»»

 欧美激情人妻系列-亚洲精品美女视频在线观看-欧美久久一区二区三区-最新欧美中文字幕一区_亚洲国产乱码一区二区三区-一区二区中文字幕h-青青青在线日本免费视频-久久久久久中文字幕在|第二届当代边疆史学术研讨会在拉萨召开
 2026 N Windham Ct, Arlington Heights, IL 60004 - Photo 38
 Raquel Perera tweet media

««
»»

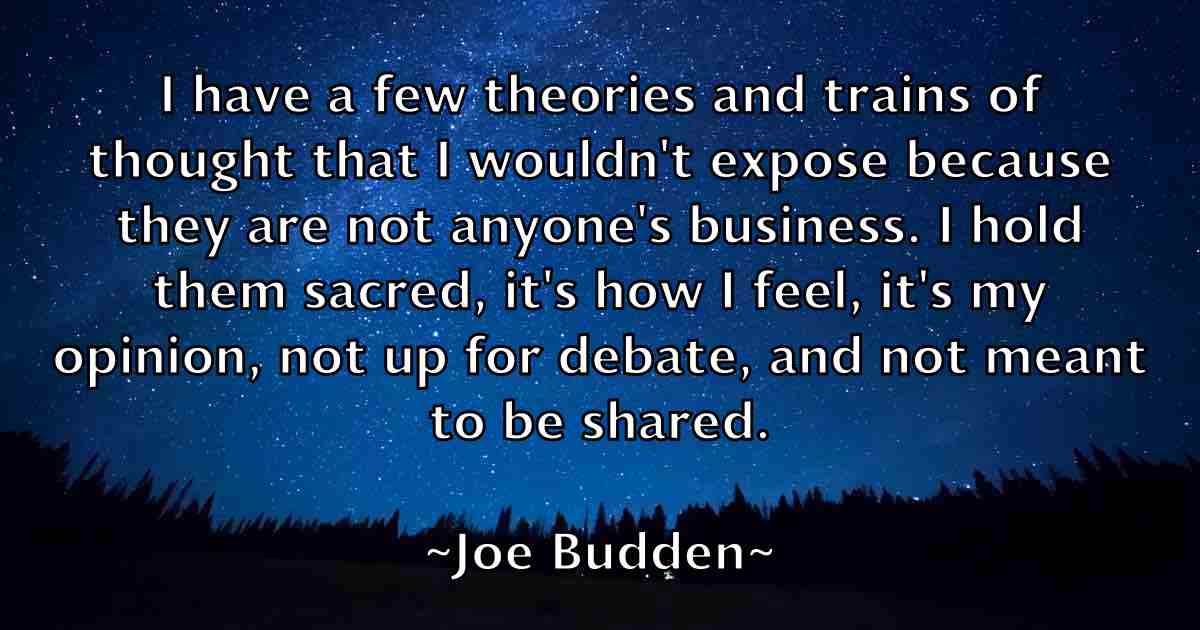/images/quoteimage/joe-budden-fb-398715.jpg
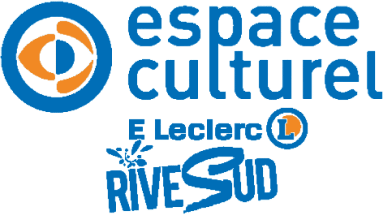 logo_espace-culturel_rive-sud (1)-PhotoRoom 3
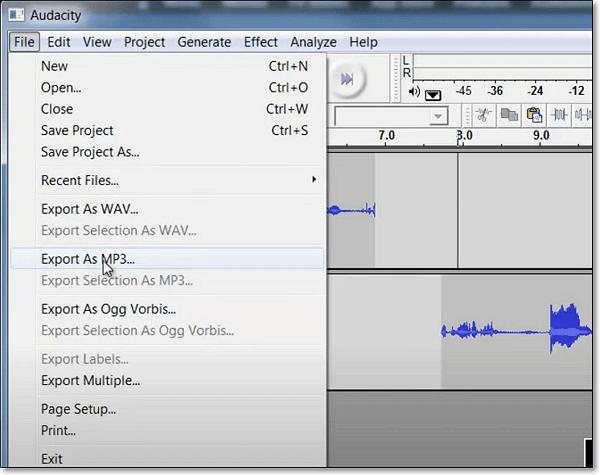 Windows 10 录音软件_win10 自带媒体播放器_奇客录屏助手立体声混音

««

§ **THE PROBLEM**
Print, without alteration, only the lines above between the one holding "欧美激情人妻系列-亚洲精品美" and the one holding "Raquel Perera tweet media", inclusive.

§ **TASK OUTPUT**
 欧美激情人妻系列-亚洲精品美女视频在线观看-欧美久久一区二区三区-最新欧美中文字幕一区_亚洲国产乱码一区二区三区-一区二区中文字幕h-青青青在线日本免费视频-久久久久久中文字幕在|第二届当代边疆史学术研讨会在拉萨召开
 2026 N Windham Ct, Arlington Heights, IL 60004 - Photo 38
 Raquel Perera tweet media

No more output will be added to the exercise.